- Zawój
- Coordinates: 49°16′N 22°27′E﻿ / ﻿49.267°N 22.450°E
- Country: Poland
- Voivodeship: Subcarpathian
- County: Lesko
- Gmina: Cisna

= Zawój =

Zawój is a village in the administrative district of Gmina Cisna, within Lesko County, Subcarpathian Voivodeship, in south-eastern Poland, close to the border with Slovakia.
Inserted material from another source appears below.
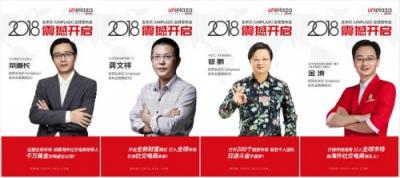 友米樂（Uniplaza）榮獲中國電子商會頒發(fā)的年度行業(yè)新銳獎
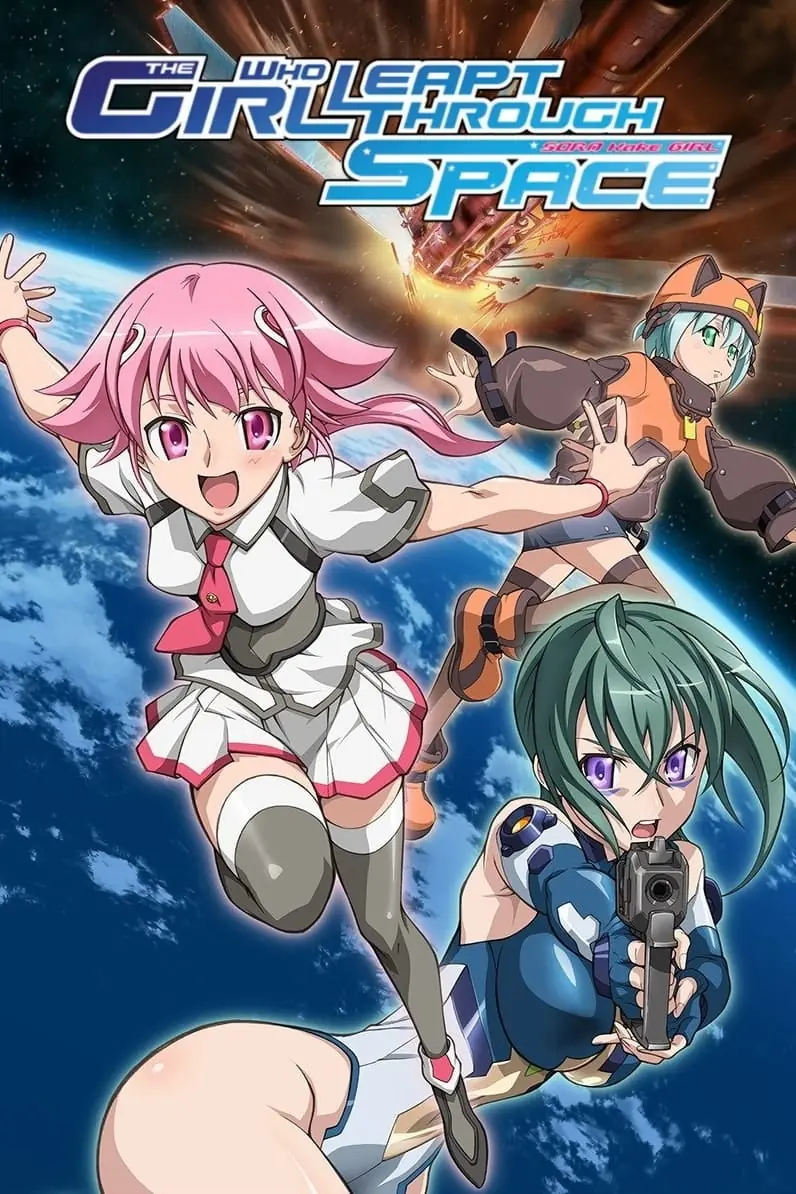 穿越宇宙的少女2009动画版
The historical path "Bieszczady Odnalezione", opened on June 14, 2012, runs through Zawoya, leading through the villages of Yavorzec, Luh and Zawoya, which no longer exists. On its route there are bilingual plaques (in Polish and Ukrainian), indicating the boundaries of the villages, places left by Orthodox churches, cemeteries, wells with reconstructed sumps and cranes (visible along the road from Polanki to Kalnica) and cellars of former houses, as well as accounts collected by the Association for the Development of Wetlina and the Surrounding Area of the accounts of former residents of these villages, forcibly displaced in 1945–1947. Delineation of the historical path was intended to save from oblivion the last traces of former residents (Ukrainians, Poles and Jews) and to honor the memory of all those who had to leave their homes in the spring of 1947.